*** EXERCISE INPUT Section Begins ***
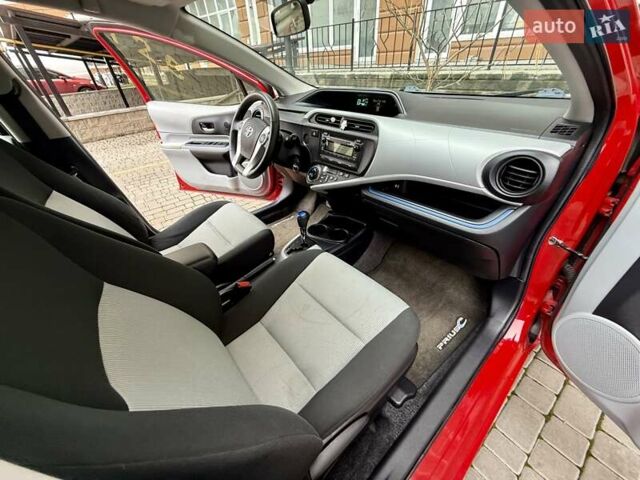 Червоний Тойота Пріус, об'ємом двигуна 1.5 л та пробігом 208 тис. км за 9999 $, фото 57 на Automoto.ua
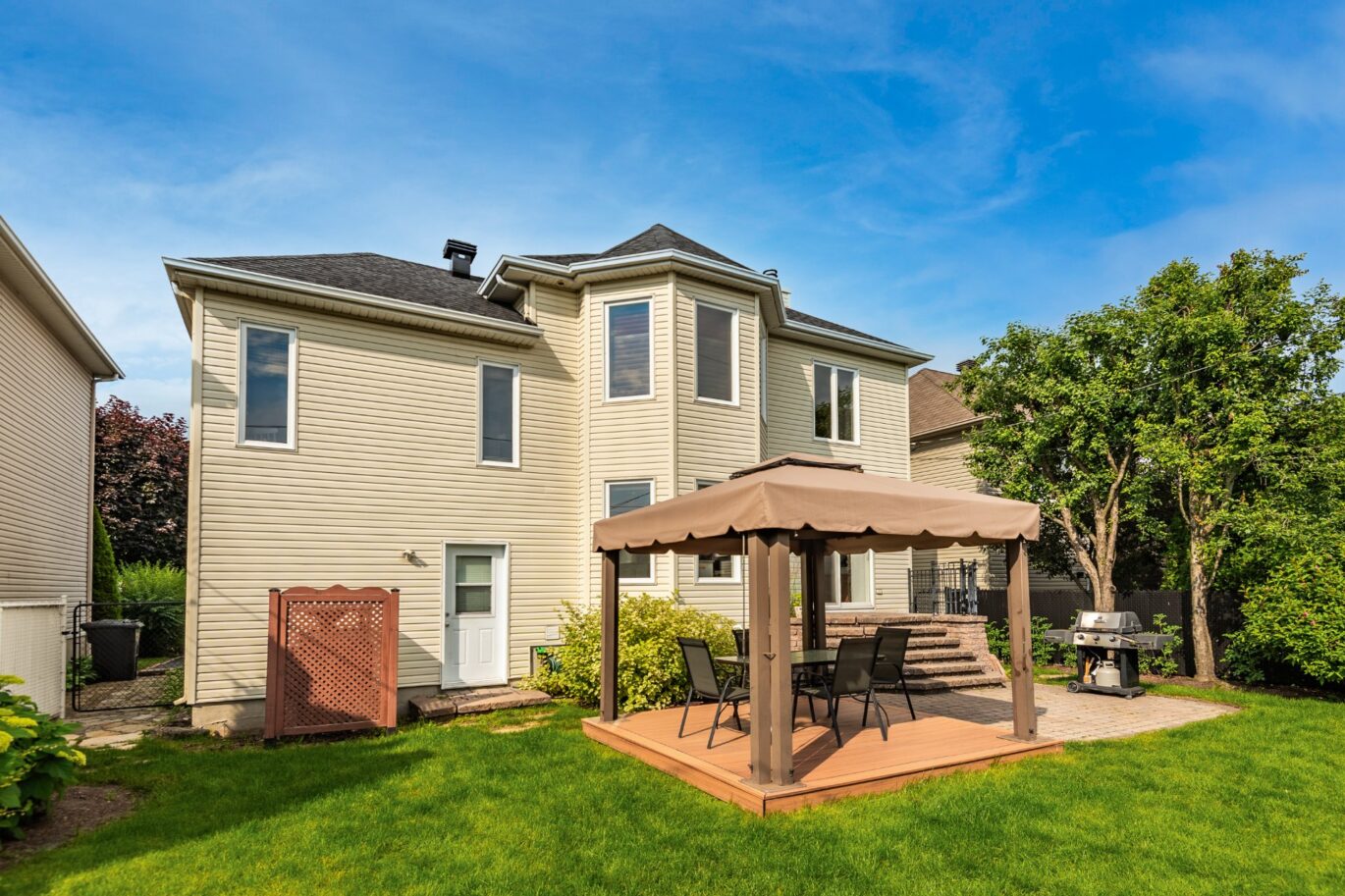 2395 Rue de Madrid  Sainte-Julie (Montérégie)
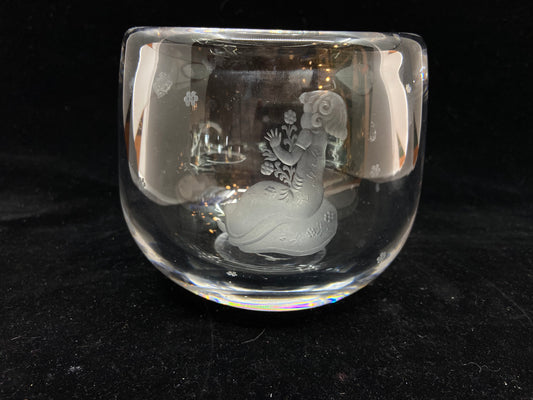 Orrefors Girl with Flowers Crystal Vase (VTUVYA)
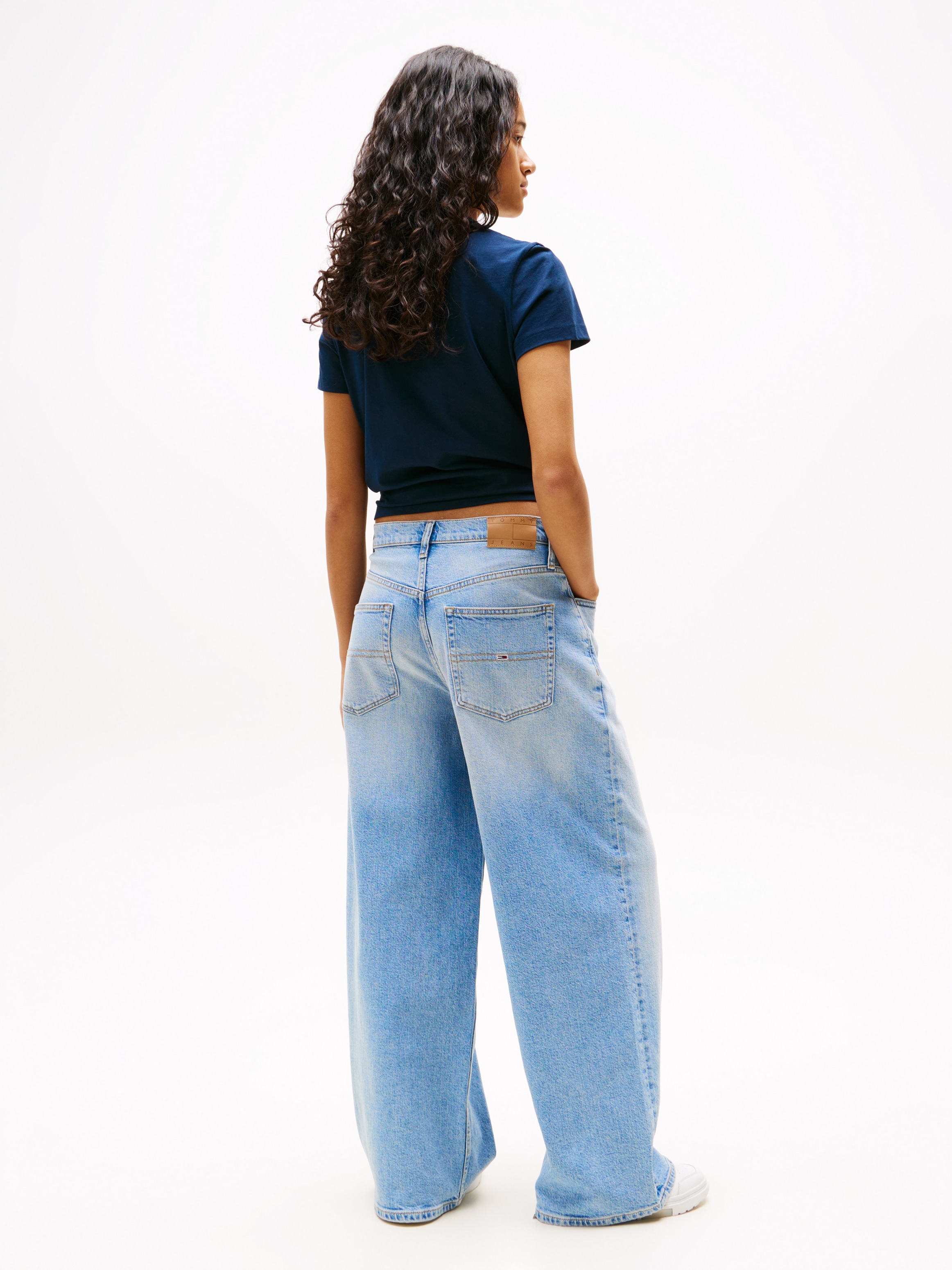 Tommy Jeans Loose-fit-Jeans »Charlie Mid Rise Lose Wide«, mit Logostickerei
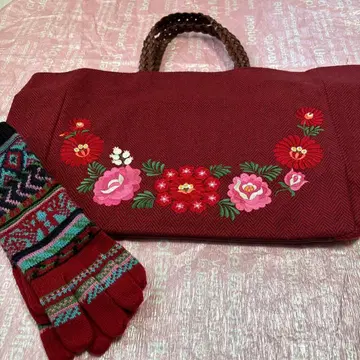 케이타 마루야마 꽃무늬 자수 토트백 와인 레드 미사용 새상품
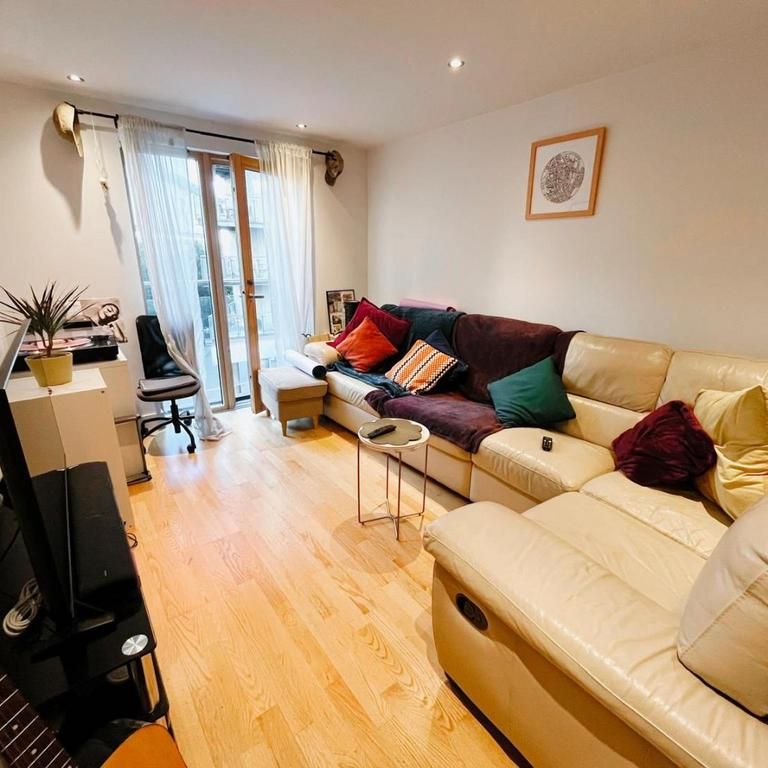 1 bedroom flat to rent - Photo 1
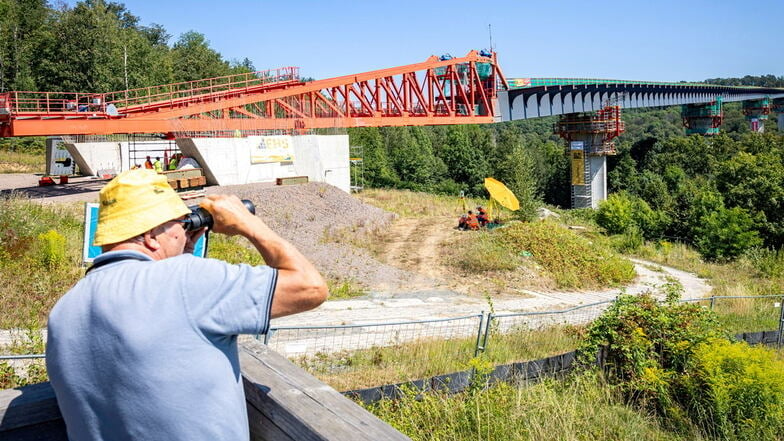 Unter Beobachtung: Ein Mann schaut am 30. Juli beim letzten Verschub der Gottleubatalbrücke zu.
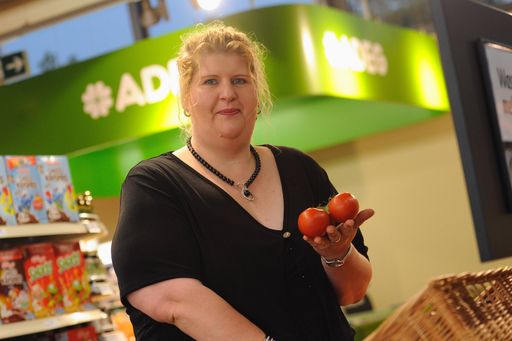  http://www.apa-fotoservice.at/galerie/2076
Heidemarie Burtscher verwirklicht in Thüringen das neue ADEG Ladenbaukonzept. Am 21. Juli eröffnete die ADEG Kauffrau ihren Markt im neuen Design.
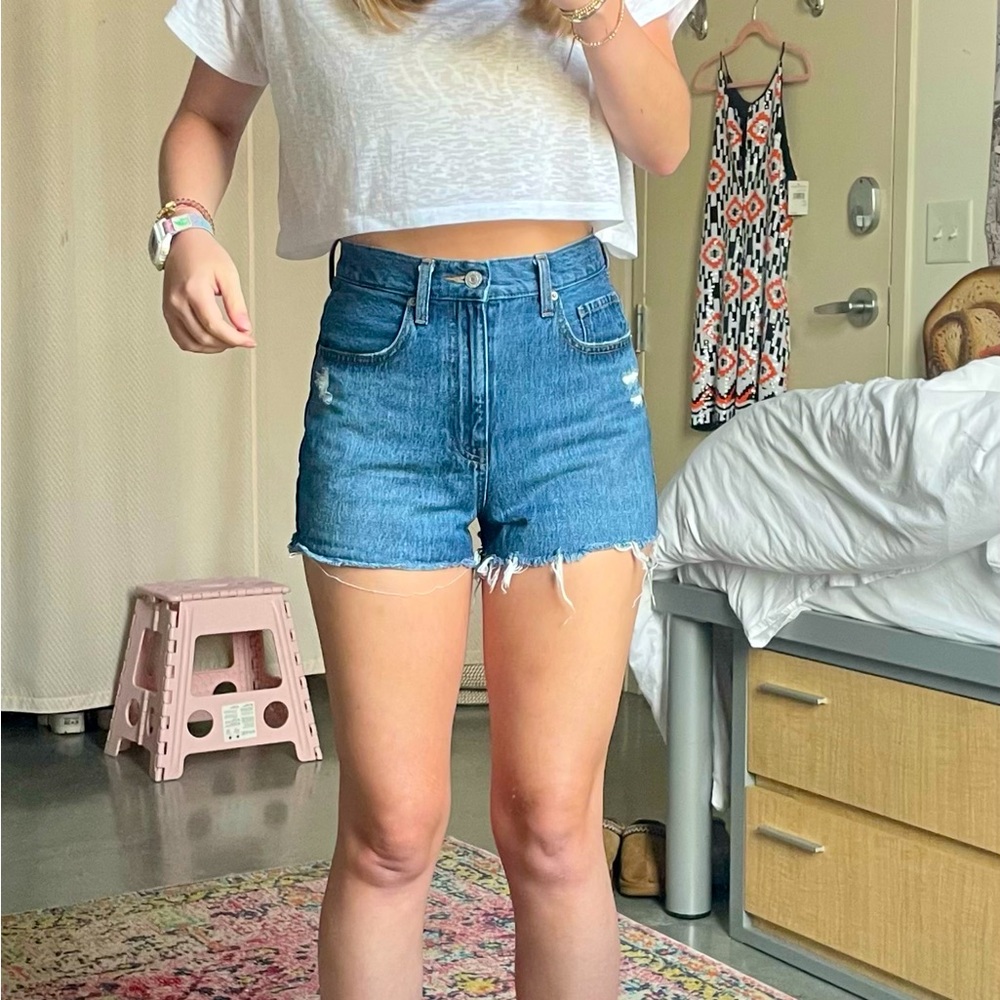 Uniqlo Jean Shorts!!! Size Small!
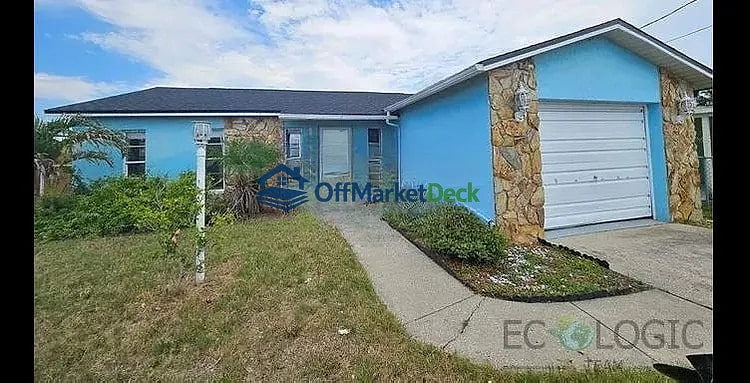 Off-market house in Hudson, Florida — 2 beds, 2 baths, $229,900 — photo 3 of 3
*** EXERCISE INPUT Section Ends ***
■ EXERCISE AIM:
"Tommy Jeans Loose-fit-Jeans" marks the first line to copy, and "Uniqlo Jean Shorts!!! Size Small!" marks the last. Repeat that stretch above exactly, with no pictures.

■ RESPONSE:
 Tommy Jeans Loose-fit-Jeans »Charlie Mid Rise Lose Wide«, mit Logostickerei
 케이타 마루야마 꽃무늬 자수 토트백 와인 레드 미사용 새상품
 1 bedroom flat to rent - Photo 1
 Unter Beobachtung: Ein Mann schaut am 30. Juli beim letzten Verschub der Gottleubatalbrücke zu.
  http://www.apa-fotoservice.at/galerie/2076
Heidemarie Burtscher verwirklicht in Thüringen das neue ADEG Ladenbaukonzept. Am 21. Juli eröffnete die ADEG Kauffrau ihren Markt im neuen Design.
 Uniqlo Jean Shorts!!! Size Small!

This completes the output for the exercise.